Arcade

Wil Wheaton went nuts over some recordings of kids playing arcade games. I haven’t listened to them yet, so Wheaton may be justified in his nuts-going, I don’t know.

What I do know is that Wheaton’s mania for nostalgia is parallel to my own lately. So I found the ending to Wheaton’s post a bit more thought-provoking, and, hopefully, worthy of a small post.

He posed the question of choosing, to own for your very own, any four arcade games, and what would they be? Oh, and a pinball machine.

I never really enjoyed pinball the way I enjoyed arcade games so I immediately modified it to be any five arcade games. Even then, I had trouble picking just five.

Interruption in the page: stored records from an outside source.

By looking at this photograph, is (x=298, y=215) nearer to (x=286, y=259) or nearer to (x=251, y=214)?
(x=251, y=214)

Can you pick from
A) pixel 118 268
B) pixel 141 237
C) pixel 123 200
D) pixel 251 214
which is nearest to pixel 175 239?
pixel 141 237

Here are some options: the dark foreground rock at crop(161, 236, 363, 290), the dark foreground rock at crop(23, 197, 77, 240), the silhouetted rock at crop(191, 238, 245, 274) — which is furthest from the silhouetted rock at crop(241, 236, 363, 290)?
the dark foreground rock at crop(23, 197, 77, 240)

Here’s the list that first came off the top of my head:

  1. Pole Position (sit down version)
  2. Battlezone (stand up version)
  3. Elevator Action
  4. Asteroids Deluxe
  5. Tempest

Three of the five are vector-based graphics games. Only one (Elevator Action) features personal violence – the rest are abstracted violence (very much abstracted in the sense of competitive racing for Pole Position). And all of them feature a simple, single goal, rather than complex story-telling. They’re just games where the point is to survive and do as much damage as you can (or race as long as you can go).

And they all date to 1980-1983 – the years I went to high school.

Every single one of those games, at one point, were installed in the local 7-11, and I must have spent hours and hours, and quarter after quarter, playing each and every one of them, oblivious to anything else, mesmerized by the flashing lights. Most times I would be wearing headphones and listening to a mix tape of some sort, songs recorded off the radio, which would explain the lack of any songs not cut from the corporate commercialist cookie-cutter, ugh. It wouldn’t be until later that I discovered that there was a lot of awesome music that did not get played on Portland radio stations…

Blowing up asteroids, or stylized tanks, or shooting enemy spies, all stood in for whatever it was that I was avoiding out in the real world.

If only I had any idea what it was, exactly, I was avoiding?

What would my life, or anyone’s life, be like without video games? It would be irresponsible of me to speculate.